*** STORED DATA ***
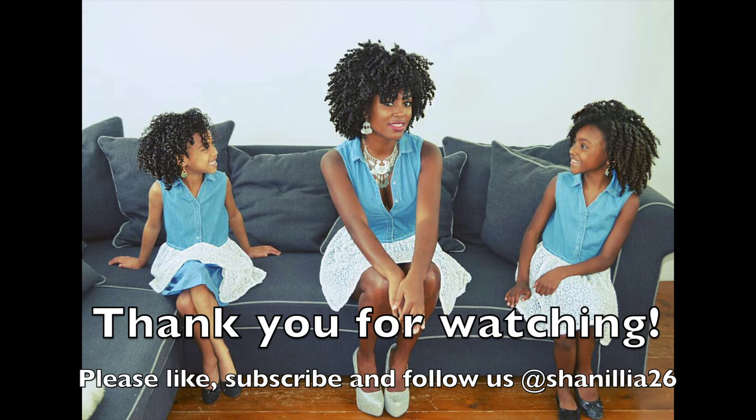Thank you so much for watching again. If you have any questions, please put them in the comment box below and I'll make sure to answer them ASAP. Thank you.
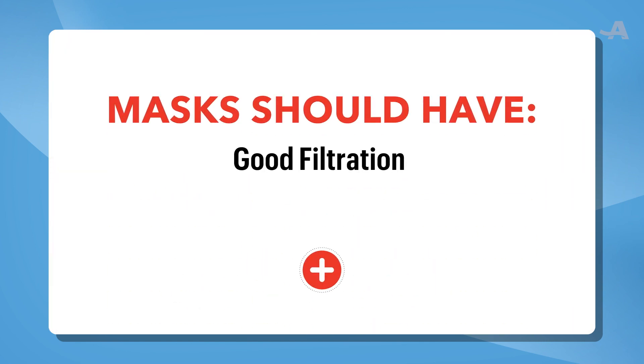With the new more easily transmissible variants around, we need to really double down on all of our precautions, and that includes masking with good filtration and good fit — and maybe by double masking.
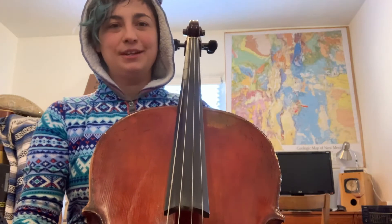Hello cellos, it's Ms. Phaetides. This video is going to help you practice pizzicato on your instrument.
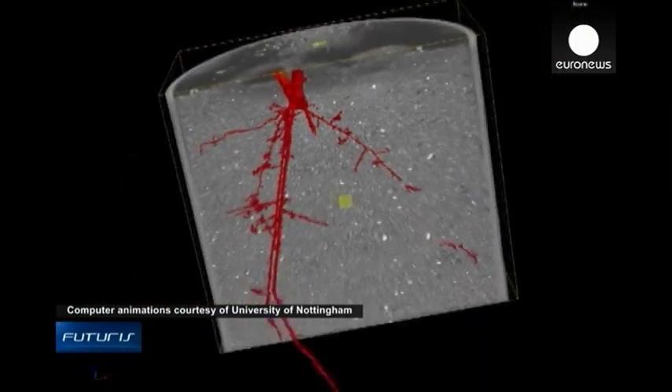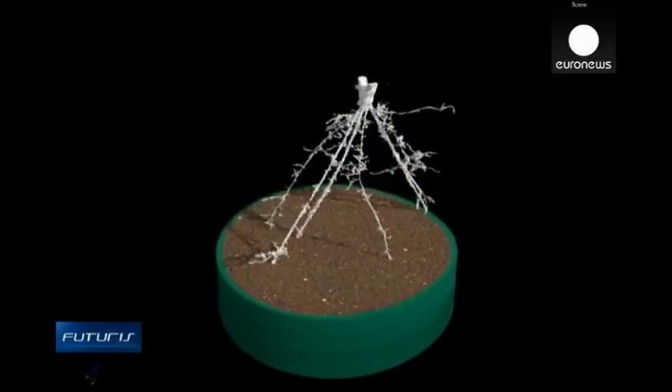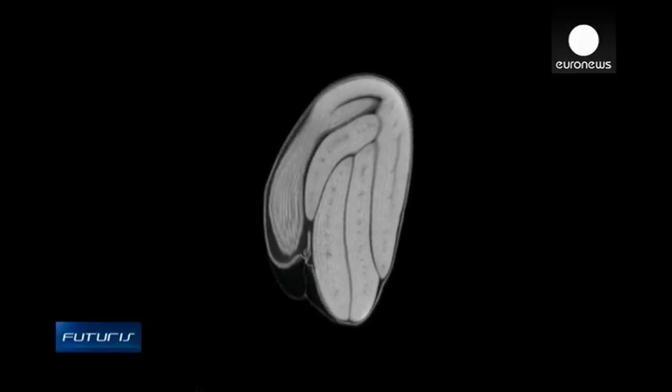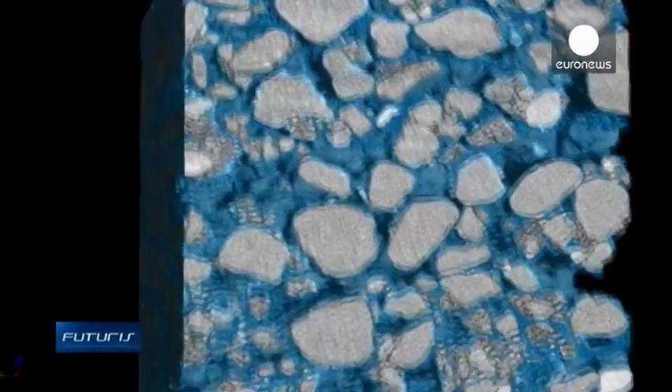The images obtained with the scanners help to create computer models that accurately reproduce how roots grow in different soils and moisture conditions underground. We're now looking at multiple roots in the same image and trying to separate those so we can look at the way they interact with each other in the ground. We can get a sequence of images and use that to look at how the root grows, analysing the image to find out where the water is, where the air spaces in the soil are, so that we can study the interactions between the soil structure and the way the root grows.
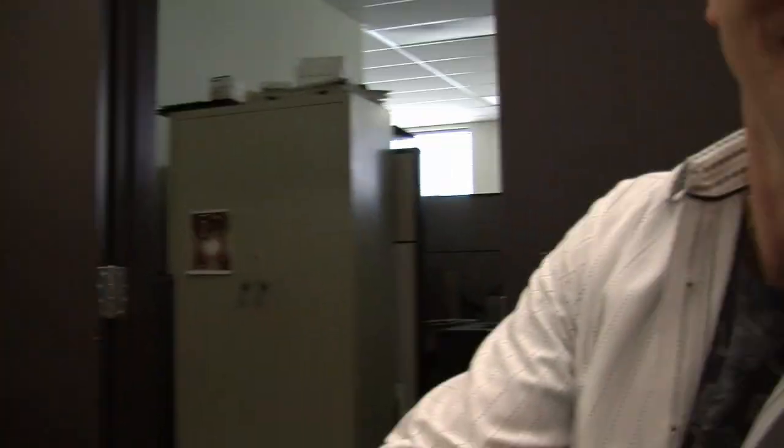Hey everybody, welcome back to the blog. Paul here. We're going to talk about fretting a guitar. This video is probably going to be a little bit longer than some of the others because it's a complicated art form. That we would do a video on this was the request of our art director, Mark Quigley, who's holding the camera. And Mark had requested that we do something on the fretting of the instrument.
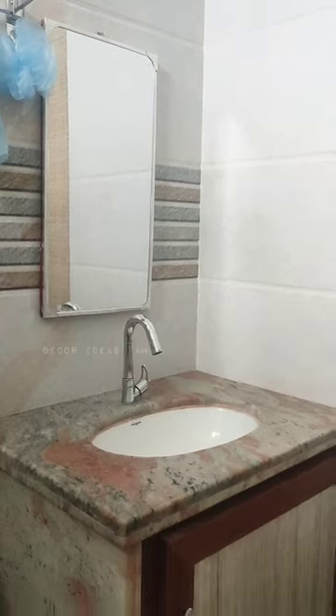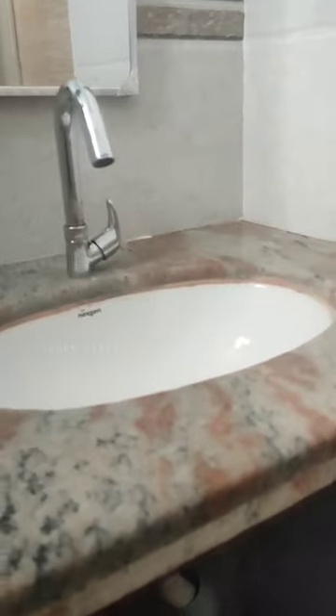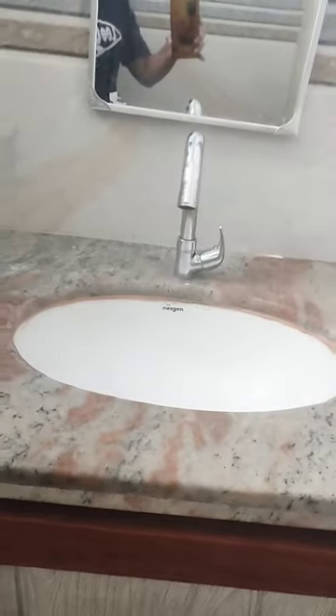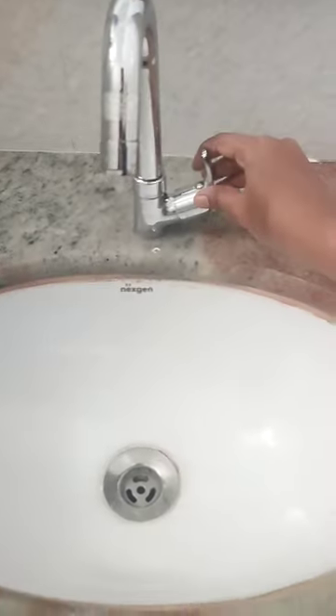This washbasin type is the under-counter washbasin. It's ceramic — I don't know the interior design of the house, but if you have any requirements for this washroom, it's under-cabinet. You can use granite wall mount and submerge, and add a silver framed mirror and a van neck tap.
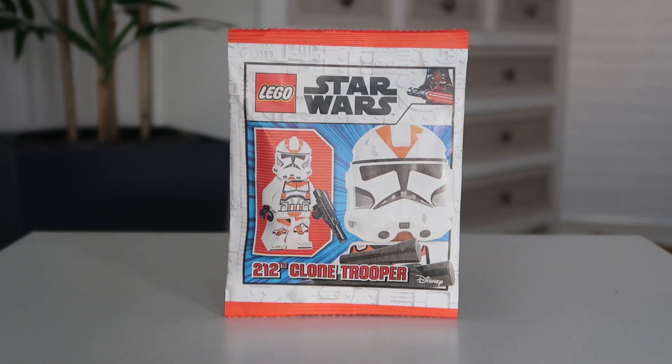Hey, what's up guys? It's BrickMotor. Today we're doing a quick minifigure review of the 212th Clone Trooper that came in the magazine. I believe this came with a kid's magazine in March 2023.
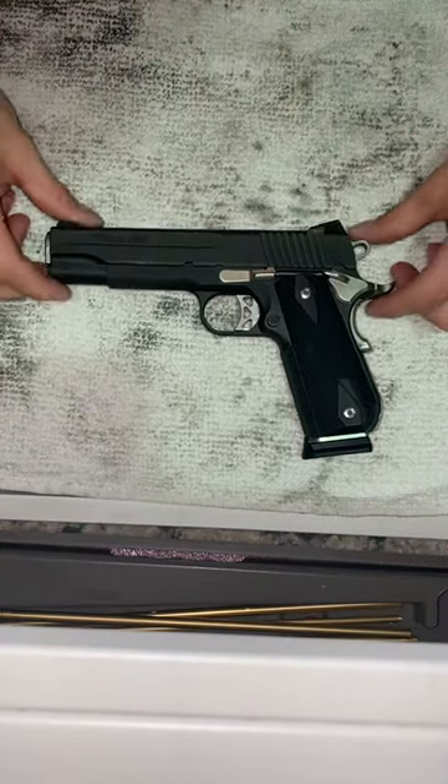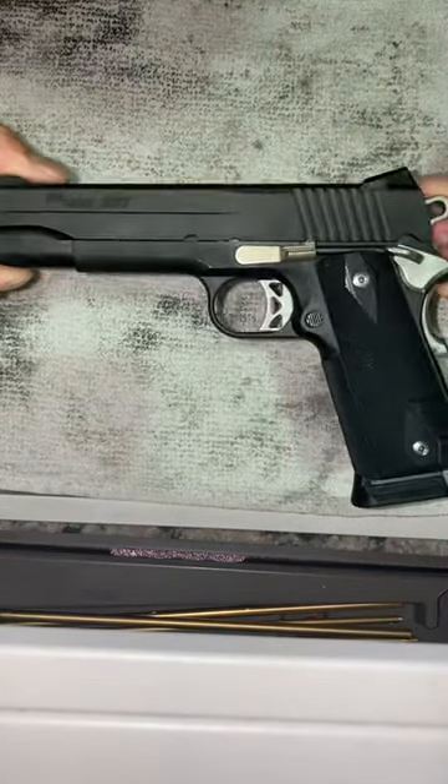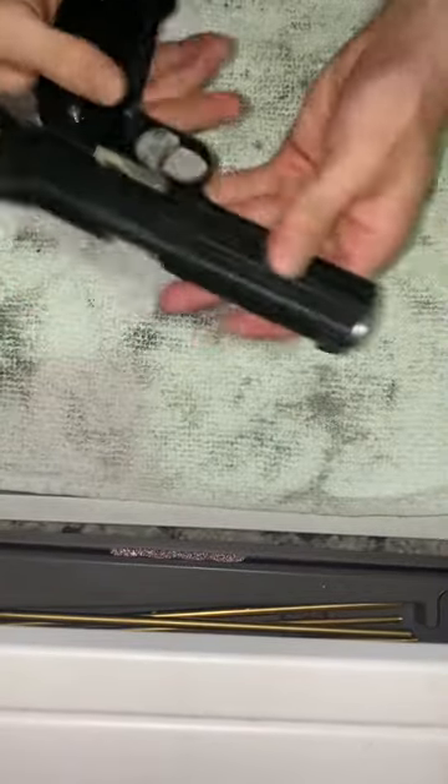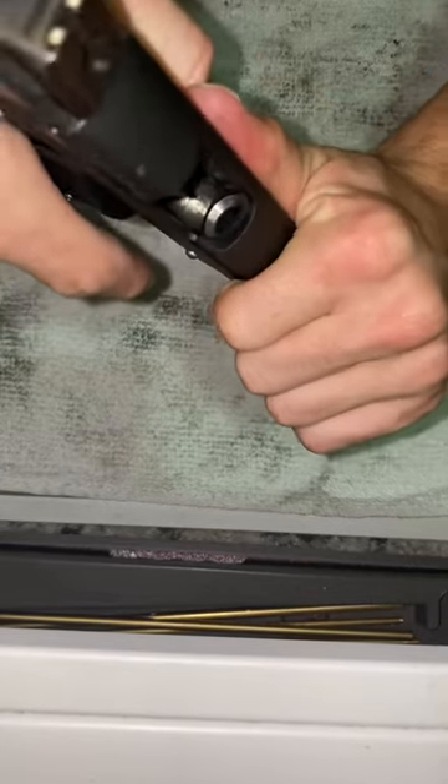This is going to be a breakdown video on the Sig Sauer 1911 Nightmare. First of all, you're going to clear it — make sure there's nothing in there.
*** End of STORED DATA ***
Retype every entry verbatim and exclude the pictures from the copy.

Thank you so much for watching again. If you have any questions, please put them in the comment box below and I'll make sure to answer them ASAP. Thank you.
With the new more easily transmissible variants around, we need to really double down on all of our precautions, and that includes masking with good filtration and good fit — and maybe by double masking.
Hello cellos, it's Ms. Phaetides. This video is going to help you practice pizzicato on your instrument.
The images obtained with the scanners help to create computer models that accurately reproduce how roots grow in different soils and moisture conditions underground. We're now looking at multiple roots in the same image and trying to separate those so we can look at the way they interact with each other in the ground. We can get a sequence of images and use that to look at how the root grows, analysing the image to find out where the water is, where the air spaces in the soil are, so that we can study the interactions between the soil structure and the way the root grows.
Hey everybody, welcome back to the blog. Paul here. We're going to talk about fretting a guitar. This video is probably going to be a little bit longer than some of the others because it's a complicated art form. That we would do a video on this was the request of our art director, Mark Quigley, who's holding the camera. And Mark had requested that we do something on the fretting of the instrument.
This washbasin type is the under-counter washbasin. It's ceramic — I don't know the interior design of the house, but if you have any requirements for this washroom, it's under-cabinet. You can use granite wall mount and submerge, and add a silver framed mirror and a van neck tap.
Hey, what's up guys? It's BrickMotor. Today we're doing a quick minifigure review of the 212th Clone Trooper that came in the magazine. I believe this came with a kid's magazine in March 2023.
This is going to be a breakdown video on the Sig Sauer 1911 Nightmare. First of all, you're going to clear it — make sure there's nothing in there.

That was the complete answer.